= Exercise instructions =
Return each record word for word, keeping none of its pictures.

(Beginning of Entries provided)

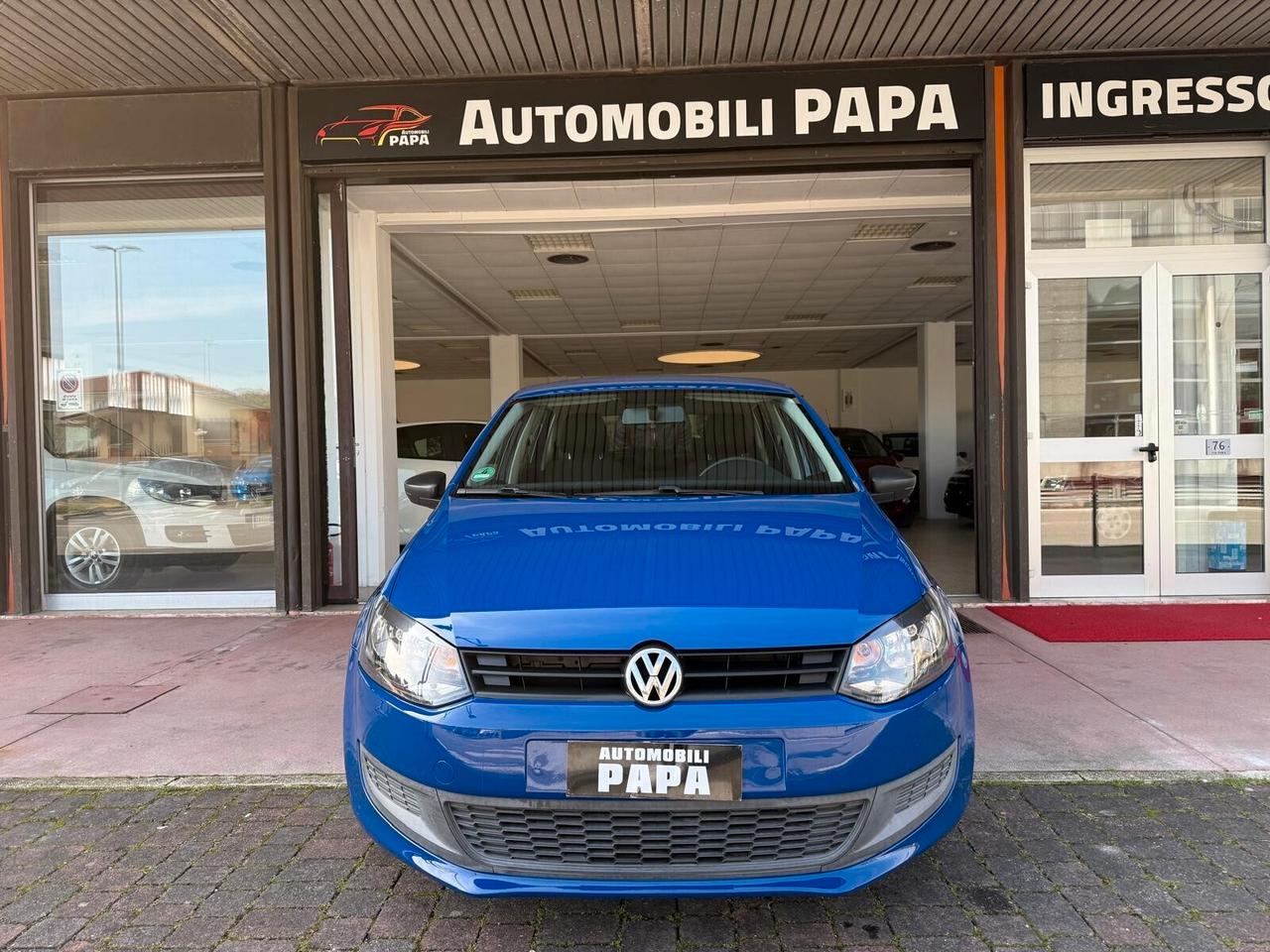 Volkswagen Polo 1.2 5 porte Trendline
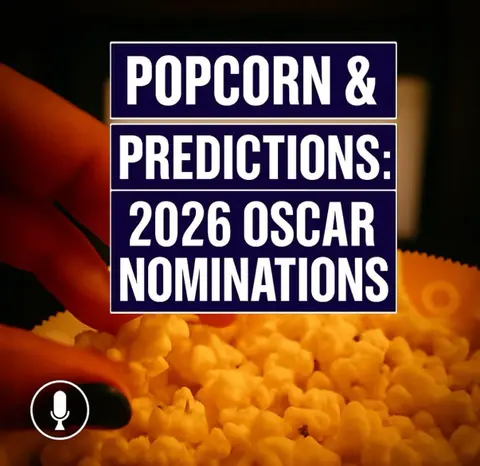Vampires, The Rock, and Oscar Gold: Our 2026 Predictions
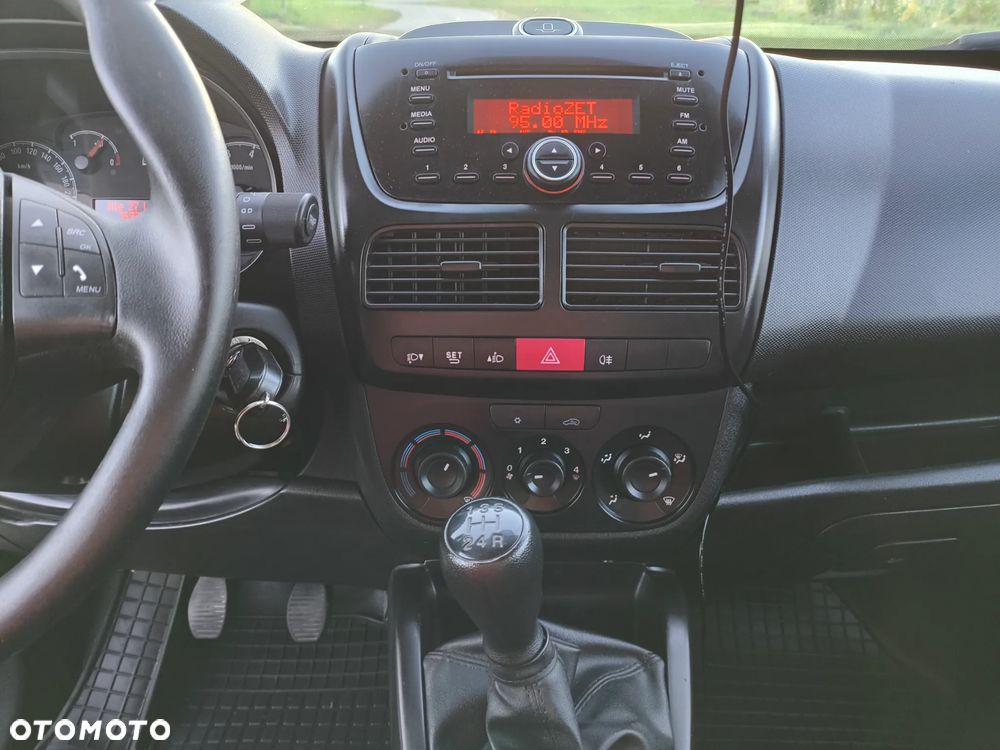 Opel Combo 1.3 CDTI L1H1 S&S LKW-Zulassung Selection - 5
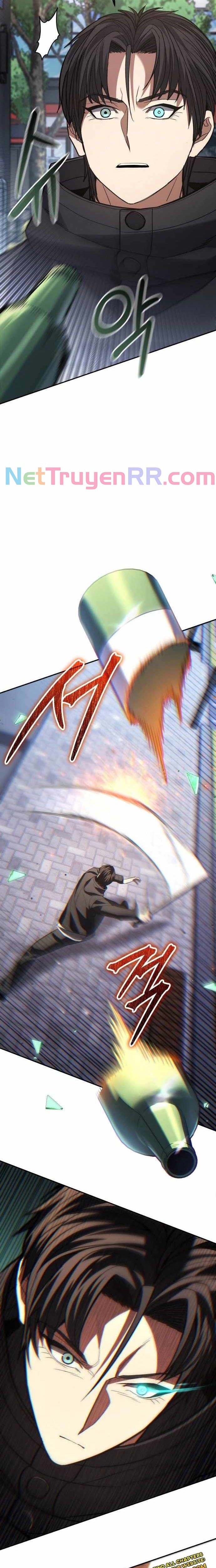 Tuyệt Thế Anh Hùng: Chapter 35
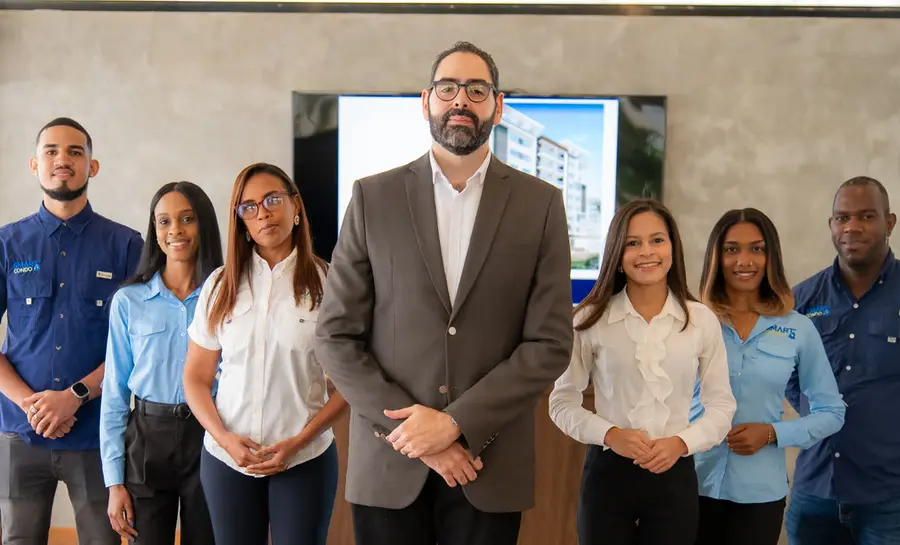 Equipo humano de SmartCondo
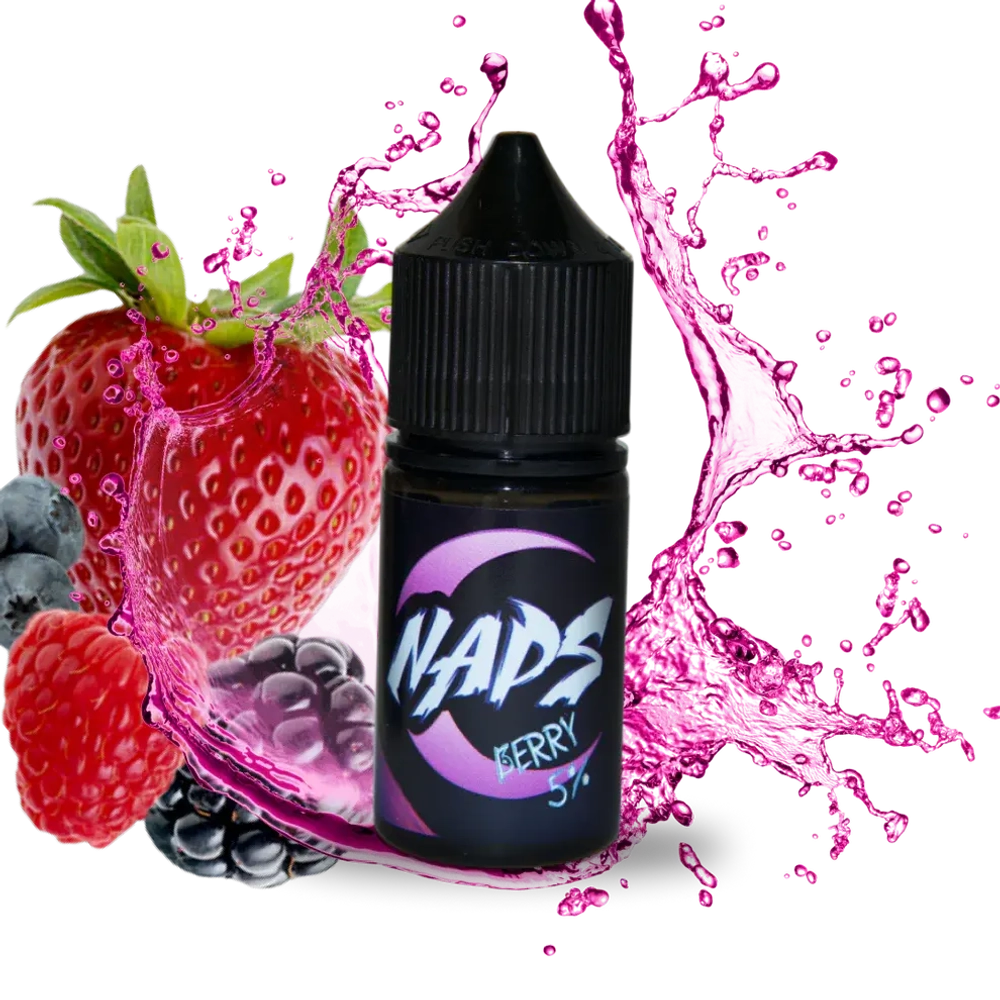 NAPS - Berry (5% 30ml)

(End of Entries provided)

= Answer space =
 Volkswagen Polo 1.2 5 porte Trendline
Vampires, The Rock, and Oscar Gold: Our 2026 Predictions
 Opel Combo 1.3 CDTI L1H1 S&S LKW-Zulassung Selection - 5
 Tuyệt Thế Anh Hùng: Chapter 35
 Equipo humano de SmartCondo
 NAPS - Berry (5% 30ml)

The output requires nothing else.